* DATA:
┄┄┄┄┄┄┄┄┄┄┄┄┄┄┄┄┄┄┄┄

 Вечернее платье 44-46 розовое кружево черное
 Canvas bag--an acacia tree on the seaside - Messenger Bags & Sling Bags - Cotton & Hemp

┄┄┄┄┄┄┄┄┄┄┄┄┄┄┄┄┄┄┄┄

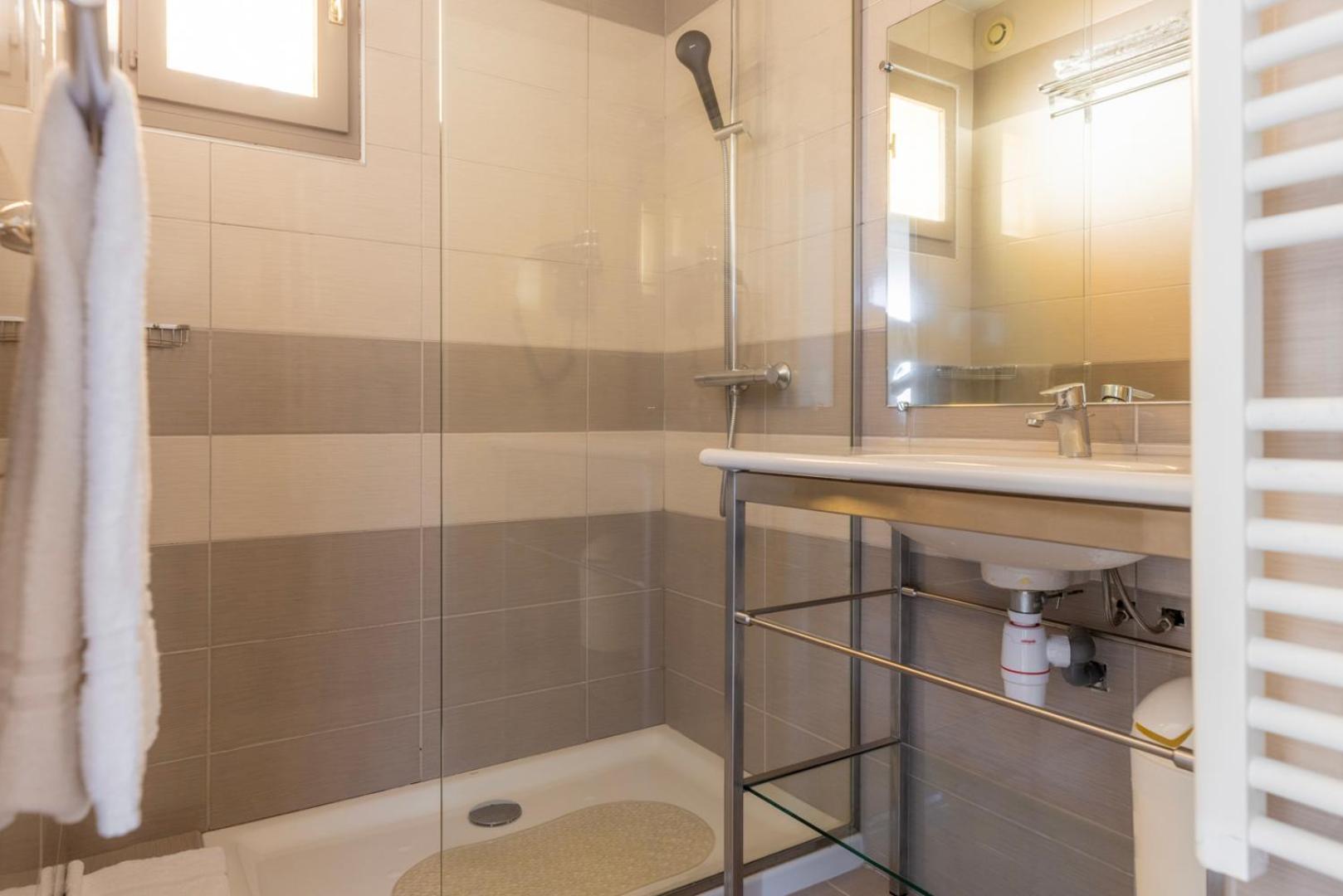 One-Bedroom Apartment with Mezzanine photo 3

┄┄┄┄┄┄┄┄┄┄┄┄┄┄┄┄┄┄┄┄

Here the job is to set down exactly the lines of the material above that fall between the one with "Вечернее платье 44-46 розовое кружево черное" and the one with "Canvas bag--an acacia", inclusive, and nothing beyond them.

 Вечернее платье 44-46 розовое кружево черное
 Canvas bag--an acacia tree on the seaside - Messenger Bags & Sling Bags - Cotton & Hemp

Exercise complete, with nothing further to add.